In mathematics, specifically algebraic topology, there is a resolution analogous to free resolutions of spectra yielding a tool for constructing the Adams spectral sequence. Essentially, the idea is to take a connective spectrum of finite type $X$ and iteratively resolve with other spectra that are in the homotopy kernel of a map resolving the cohomology classes in $H^*(X;\mathbb{Z}/p)$ using Eilenberg–MacLane spectra.

This construction can be generalized using a spectrum $E$, such as the Brown–Peterson spectrum $BP$, or the complex cobordism spectrum $MU$, and is used in the construction of the Adams–Novikov spectral sequence^{pg 49}.

== Construction ==
The mod $p$ Adams resolution $(X_s,g_s)$ for a spectrum $X$ is a certain "chain-complex" of spectra induced from recursively looking at the fibers of maps into generalized Eilenberg–Maclane spectra giving generators for the cohomology of resolved spectra^{pg 43}. By this, we start by considering the map$$\begin{matrix}
X \\
\downarrow \\
K
\end{matrix}$$where $K$ is an Eilenberg–Maclane spectrum representing the generators of $H^*(X)$, so it is of the form$K = \bigvee_{k=1}^\infty \bigvee_{I_k} \Sigma^kH\mathbb{Z}/p$where $I_k$ indexes a basis of $H^k(X)$, and the map comes from the properties of Eilenberg–Maclane spectra. Then, we can take the homotopy fiber of this map (which acts as a homotopy kernel) to get a space $X_1$. Note, we now set $X_0 = X$ and $K_0 = K$. Then, we can form a commutative diagram$$\begin{matrix}
X_0 & \leftarrow & X_1 \\
\downarrow & & \\
K_0
\end{matrix}$$where the horizontal map is the fiber map. Recursively iterating through this construction yields a commutative diagram$$\begin{matrix}
X_0 & \leftarrow & X_1 & \leftarrow & X_2 & \leftarrow \cdots \\
\downarrow & & \downarrow & & \downarrow \\
K_0 & & K_1 & & K_2
\end{matrix}$$giving the collection $(X_s,g_s)$. This means$X_s = \text{Hofiber}(f_{s-1}:X_{s-1} \to K_{s-1})$is the homotopy fiber of $f_{s-1}$ and $g_s:X_s \to X_{s-1}$ comes from the universal properties of the homotopy fiber.

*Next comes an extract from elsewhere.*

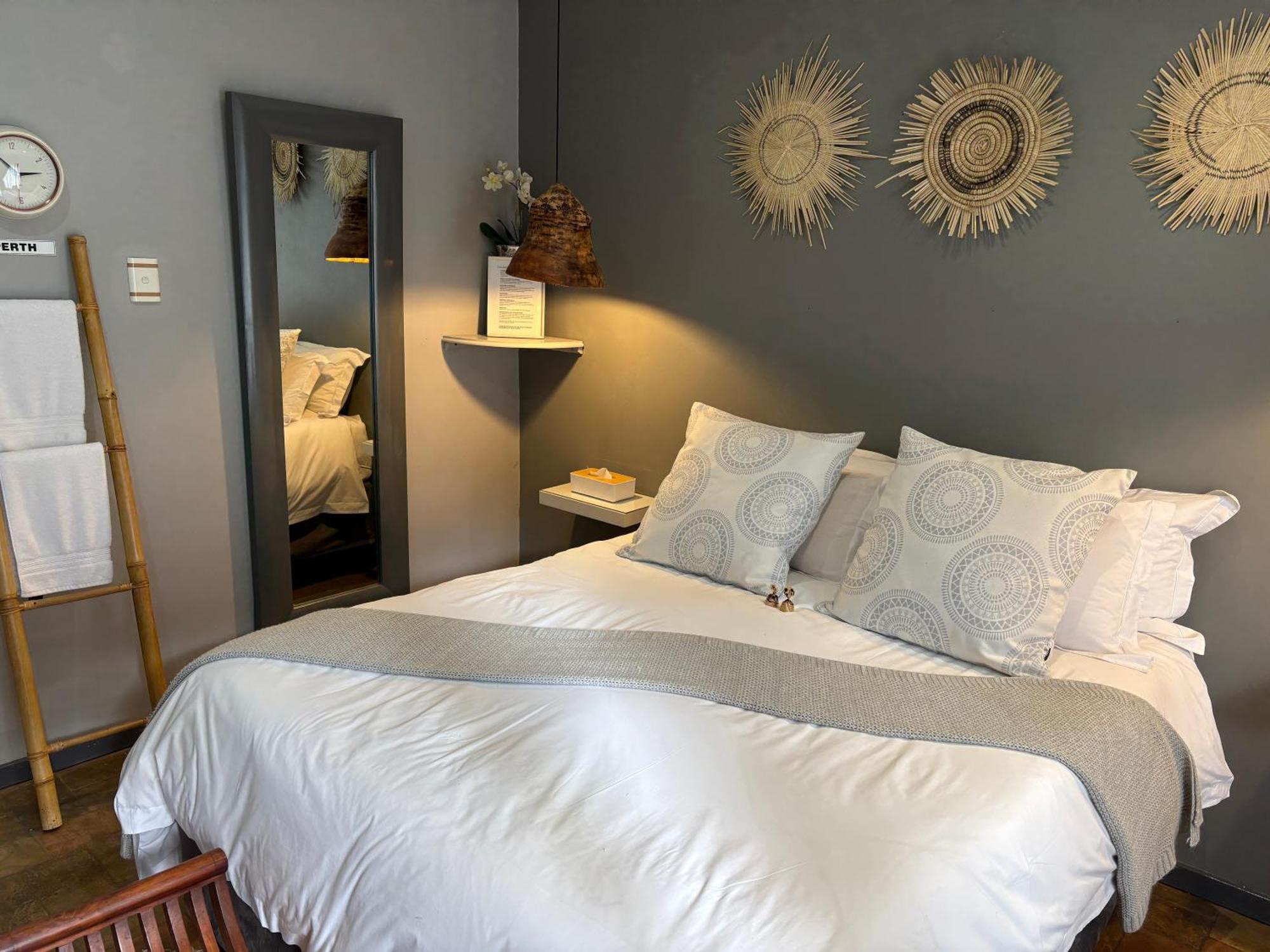 Luxury Upmarket Guesthouse 20 On 4Th Rustenburg Exterior photo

=== Resolution of cohomology of a spectrum ===
Now, we can use the Adams resolution to construct a free $\mathcal{A}_p$-resolution of the cohomology $H^*(X)$ of a spectrum $X$. From the Adams resolution, there are short exact sequences$0 \leftarrow H^*(X_s) \leftarrow H^*(K_s) \leftarrow H^*(\Sigma X_{s+1}) \leftarrow 0$which can be strung together to form a long exact sequence$$0 \leftarrow H^*(X) \leftarrow H^*(K_0) \leftarrow H^*(\Sigma K_1)
\leftarrow H^*(\Sigma^2 K_2) \leftarrow \cdots$$giving a free resolution of $H^*(X)$ as an $\mathcal{A}_p$-module.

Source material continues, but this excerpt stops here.